To fill this knowledge gap we will extend a controlled human infection model (developed by us in Oxford) with S. Typhi to infection with S. Paratyphi by challenging volunteers previously exposed to S. Typhi with either S. Typhi or S. Paratyphi. We will be able to relate responses in a controlled human infection model to natural protection, and use this for potential vaccine antigen discovery.

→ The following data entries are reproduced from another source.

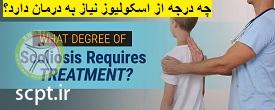 http://scpt.ir/uploads/what-degree-scoliosis-need-treatment.jpg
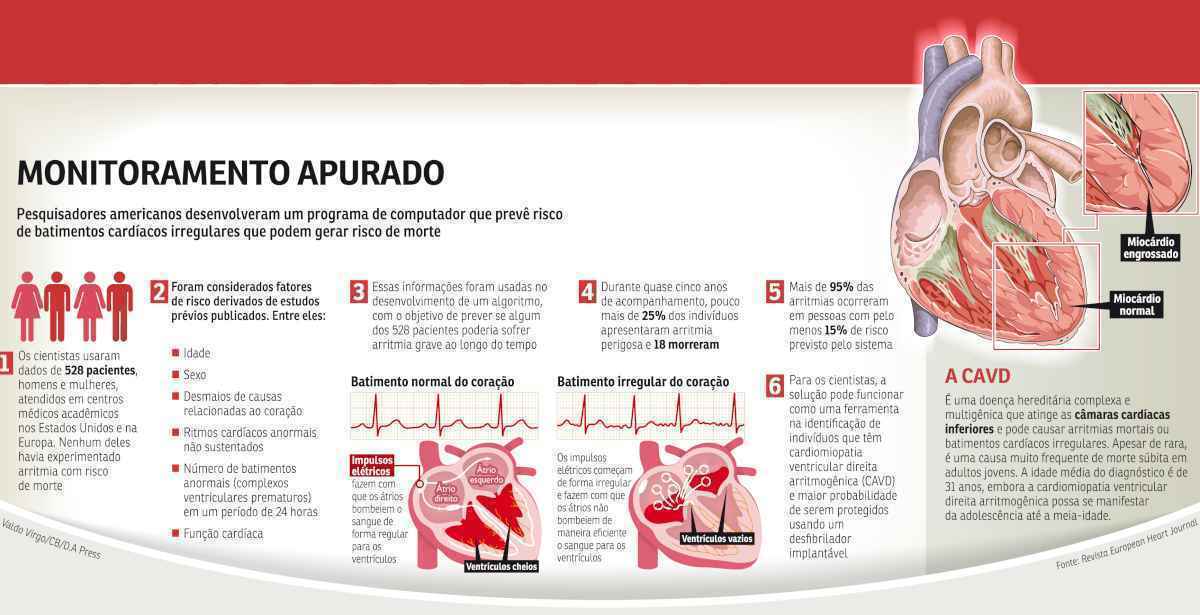 A cirurgia costuma ser feita em jovens e tem de ser repetida a cada 10 anos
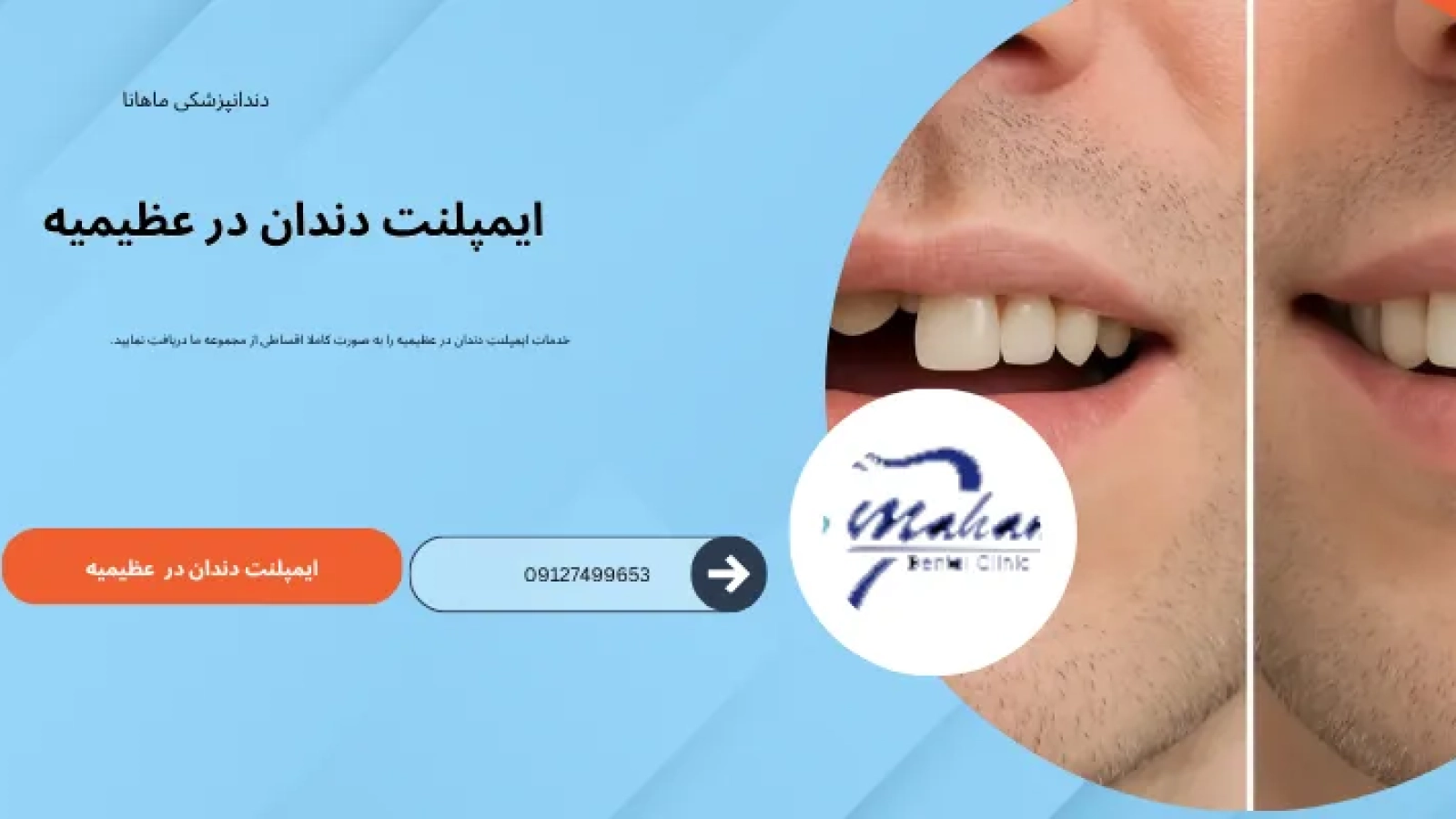 ایمپلنت دندان در عظیمیه کرج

We aim to: A) identify the systemic and mucosal location of bacteria to determine potential for humoral and cellular protection; B) compare innate responses to S. Typhi and Paratyphi in peripheral blood and mucosa in individuals resistant and susceptible to infection; C) define the phenotype and antigen specificities of B cell and T cells responses against the two pathogens to identify correlates of protection against reinfection; D) identify CD1 restricted Salmonella derived lipid antigens that are conserved between different Salmonella strains and which may be used as T cell antigens for alternative vaccination strategies.

Our findings will be further validated in naturally exposed individuals in the Mucosal Research Unit within the Wellcome Trust Major Overseas Unit in Malawi.
This programme will give new insights into the innate and adaptive immune responses and the pathogenesis of human infection with the bacteria that cause enteric fever. It will provide important correlates of protection that will facilitate the design and optimisation of novel vaccination strategies.

There are a large number of potential beneficaries of the proposed research since this is a wide-ranging multi-disciplinary pogramme including but not limited to:

1) Researchers in the field of enteric pathogens could use the approach we are planning to guide new investigation with enteric pathogens or replicate our model
2) Immunology researchers will gain new insight into the interaction between innate and acquired immune responses and bacteria which can be used to investigate other organisms
3) Vaccine developers in the commercial private sector who could use the data to guide development of improved vaccines or test their new products in the challenge model
4) The information produced in this project will be of interest to agencies that are currently considering implementation of vaccines for enteric fever including the World Health Organisation, Global Alliance for vaccines and immunisation (GAVI) and the Bill and Melinda Gates Foundation.
5) The project may also provide new insight into correlates of protection which would be of special interest to regulators
6) The project will generate considerable public interest and includes some important and compelling themes which can be readily conveyed to the public to enhance the understanding of science.
7) If the research were to support or lead to new or improved vaccines for enteric fever, there would be a major impact on the large numbers of individuals who are exposed to these pathogens and are at risk.
8) Reducing the burden of this disease has the potential to directly impact on the physical and economic health of affected populations.
9) The project provides a remarkable training opportunity for clinical trainees engaged in the trial and the endoscopy to learn about clinical research and for them to be introduced to the laboratory research that the clinical plan supports.